The challenge that Superdrug’s current strategy faces is that it appeals to much younger women who do not have a high disposable income, as opposed to Boots customers who are much mature and are prepared to pay more for skincare products and premium brands. Superdrug needs to increase the footfall in stores which will improve the conversion rates and generate high volumes. This will be achieved by more high profile marketing and better customer service.

Source: Verdict Research and Datamonitor.



Superdrug is a challenging brand on behalf of their customers. Evidence of this is the campaign to reduce the VAT on condoms in 2006 when it was reduced to 5% from 17.5%. Their latest campaign is to reduce the VAT on kids sun care products and also get the government to reclassify sun care products from a luxury items to a essential health item. Superdrug also launches campaign to raise awareness for skin cancer.

Superdrug also has a partnership with the Prince’s Trust which supports young people with learning and developing potential and offers them funds by creating job opportunities.

Superdrug also supports charities and provides funds to them to raise awareness against skin cancer.

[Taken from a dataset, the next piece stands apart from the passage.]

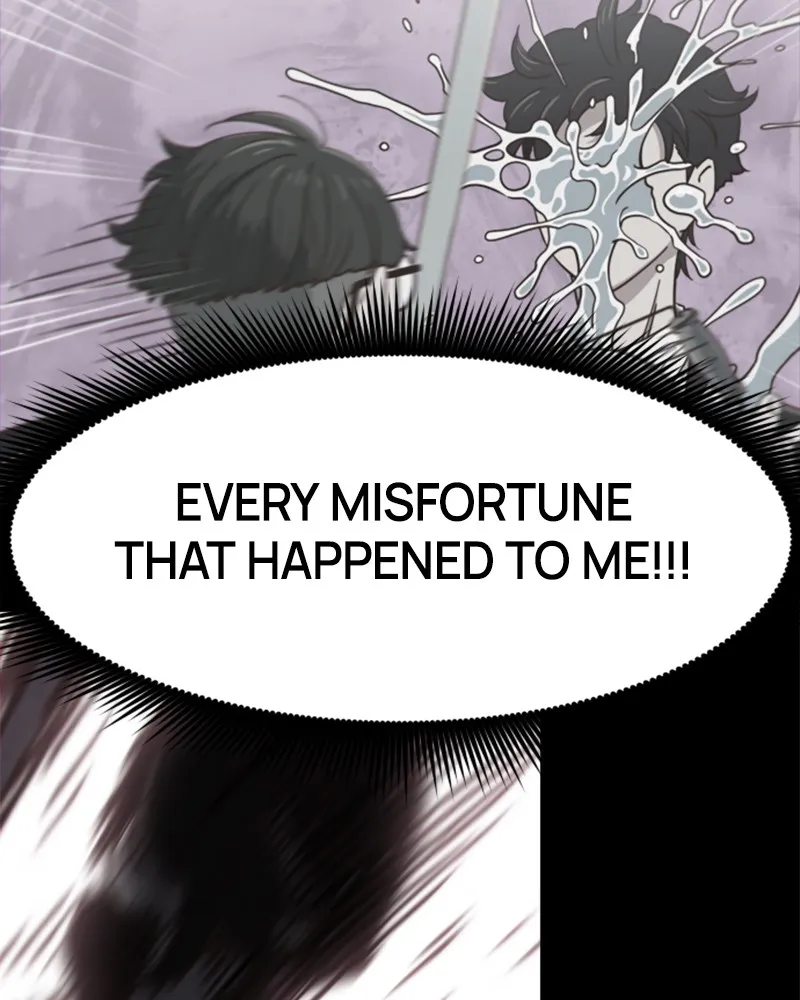 My Virtual God is a Teenage Girl Chapter 1 page 244 -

A couple of examples of these charities include the Institute of Cancer Research, the Teenage Cancer Trust and CRUK.

Superdrug has helped raise over £1 million for these charities.

Superdrug also supports the NSPCC’s childline campaign.



Superdrug has an environmental policy which is committed to:

Throughout all stores and distribution centres Superdrug uses responsible energy management and also cost effective energy efficiency.

To minimise the amount of fuel used by its HGV fleet.

To minimise the impact of materials and services used in building, shopfitting, repairing and maintenance of their premises on the environment.

Recycling, waste management and ensuring the safe disposal of waste.

Considering the environment by using good environmental practices among their brand suppliers and buying decisions.

Avoid using unnecessary packaging.

Working with suppliers of own brand pulp derived products and wood products to use material from well managed forests.

To bring an end to all testing of cosmetics and toiletries products on animals.

When using own brand products, being aware of the environmental issues and taking appropriate actions.

Making sure that their suppliers from developing countries are using acceptable environmental, health and safety, and employment conditions.